一日で越えられるものでもないために、途中のどこかで野営しなければならず、すなわちどこに安全な場所があるか見つけなければならない。
さらに、魔獣がいる。
魔力に寄ってくるという獣たち――鳥の魔獣もいるという、彼らにとって『流星』はすばらしい獲物だろう。

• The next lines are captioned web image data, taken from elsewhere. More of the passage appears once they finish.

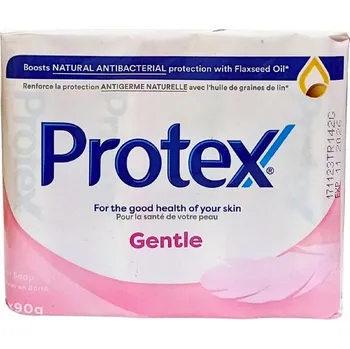 Mýdlo Protex Gentle Antibakteriální mýdlo v kostce pro citlivou pokožku 90g x 1ks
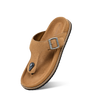 Mover Thong Sandals for Men : Tan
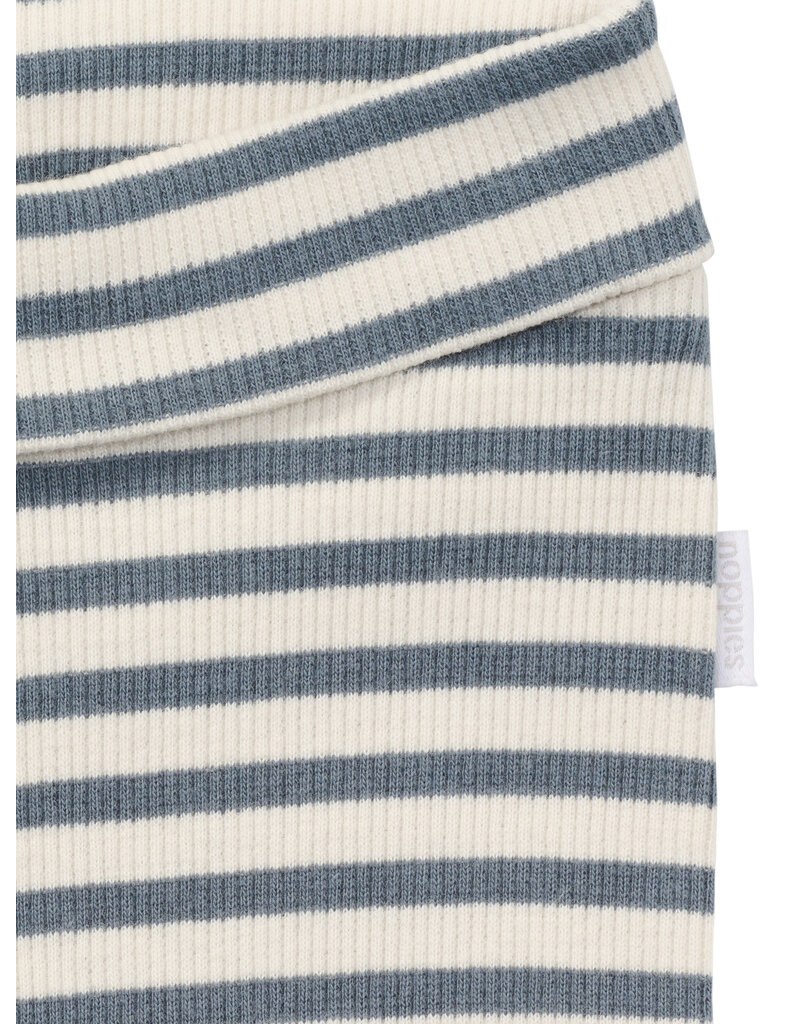 noppies Pants regular fit stripe Stormy Weather
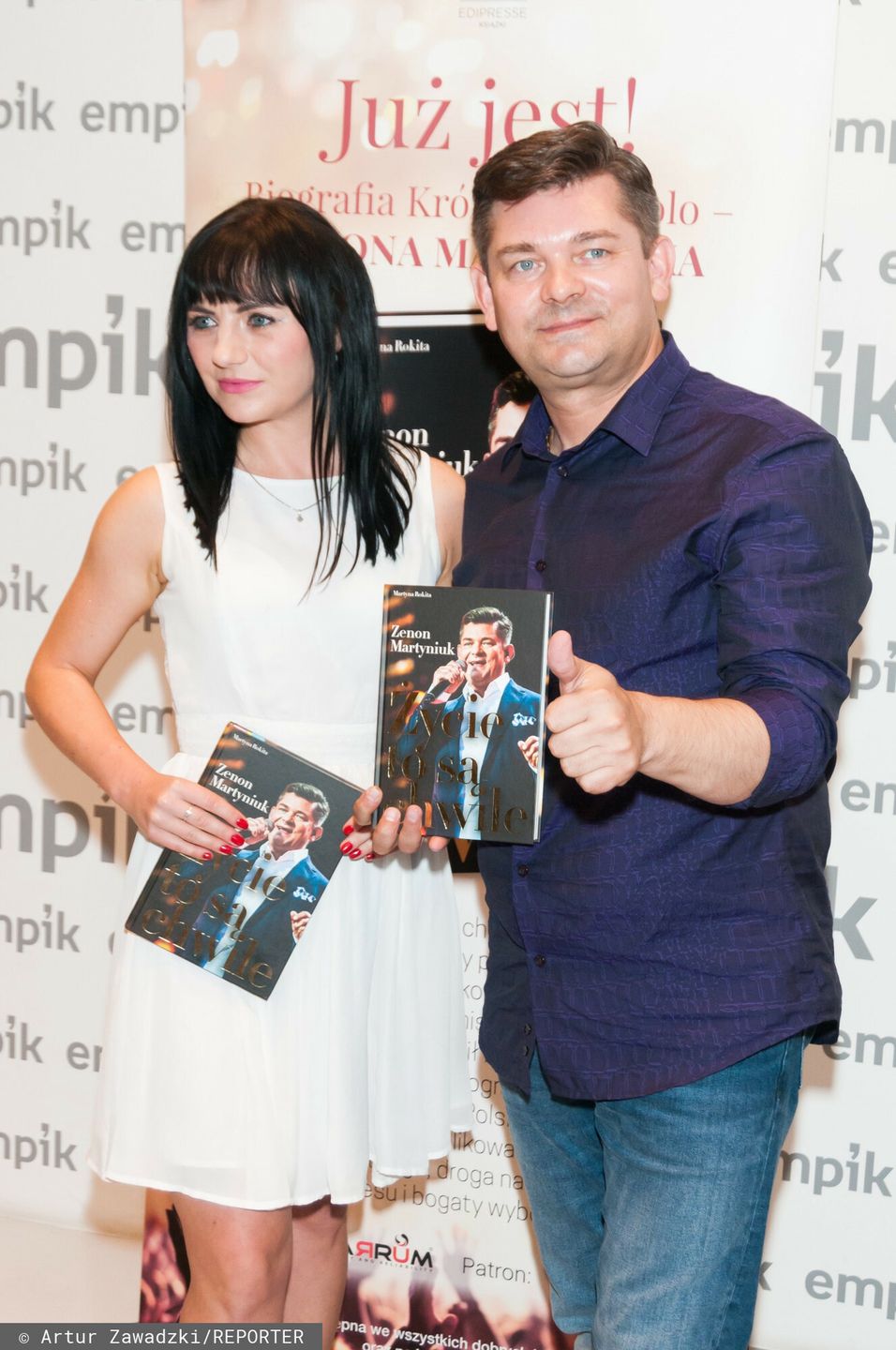 Martyna Rokita i Zenek Martyniuk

様々なことを知っている案内人たちに頼って慎重に進まない限り、どうすることもできないのが、このグライルなのだった。
道を下ってゆき…………また登りになった。
「止まれ!」
偵察組の合図で、ゾルカンが指示を出した。
「しゃがめ! 静かに!」
カルナリアは亜馬の傍らにしゃがみこむ。
レンカも同じようにした。手がマントの中に入っている。剣を抜き放つ準備。
「…………」
木々の向こうを透かし見る。
何がいるのか。何が来るのか。緊張で息が詰まる。
そのまま、少しして。
「……動いてよし! 行くぞ!」
「何だったのですか?」
「わからん」
意外な返答。
「だが、危険だと伝えてきた。姿を見た時にはもうおしまいってやつは何種類もいる。だから、いそうだと思っただけで警報を出すのは正しいし、こっちもそれを疑うことはしねえ」
ゾルカンは、カルナリアが引いているのではない、別な
「わからねえ時は、そいつだけ先に行かせることもある」
「あ、荷物を載せていない子は、そういう……」
残酷だが、多くが生き残るために必要なのだろう。
「子ってなんだよ」とレンカ。
「可愛くありません?」
つぶらな目、ぴこぴこ動く短い耳、丸っこい体、のんびり揺れる尻尾。とにかくひたすらカッポカッポ歩き続ける頑丈な体。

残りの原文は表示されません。